Ces stries colorées sont les témoins de blessures irréversibles laissées par une main invisible. Aucune machine géante, aucune armée de terrassiers n’a foulé ces sommets pour en retirer la glace qui les recouvrait. Seul responsable : le souffle constant d’un monstre silencieux que nous avons inconsidérément laissé exécuter son œuvre de destruction.
DUNE
Une épure empreinte de sensualité, c’est ainsi que Francesca Piqueras immerge le spectateur dans un désert d’outre-monde. Son point de vue abstrait, minimaliste, concentre les formes et les ombres, dévoile des volumes et une géométrie primordiale qui transcende le temps et l’espace.

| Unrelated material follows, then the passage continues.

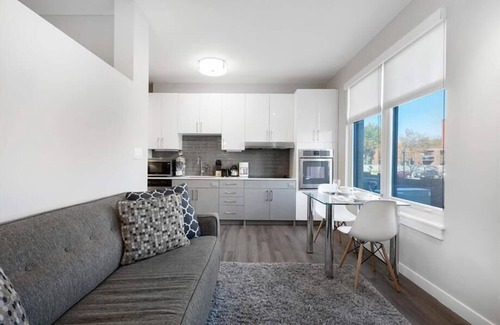 Central-Maverick Square - Paris Street House | Chic Studio | Kitchen | in-unit Washer/Dryer | near Boston Harbor | GLS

Comme toujours, et c’est un trait distinctif de l’artiste, il convient de voir au-delà des apparences. Est-ce une vision de la Terre des origines, encore inhabitée, ou ce qui pourrait subsister de notre planète que toute vie aurait déserté ? Sous le regard de Francesca Piqueras, le désert péruvien devient la scène absolue où se mesure le passage de la présence humaine sur la Terre.
Le sable est aujourd’hui l’objet d’une quête rapace à travers le monde. Il est la matière dont nos cités de rêve sont faits – béton et verre – et il disparaît de la surface de la globe à la vitesse d’un sablier renversé. Si tout le sable que nous connaissons venait à disparaître, il faudrait quelques centaines, voire quelques millions d’années pour que les montagnes s’effritent et s’érodent en grains de sable.
Dans cette arène qu’elle maîtrise à la perfection, Francesca Piqueras assemble drame et splendeur, enchevêtre sens et esthétisme en une interprétation onirique de notre condition humaine.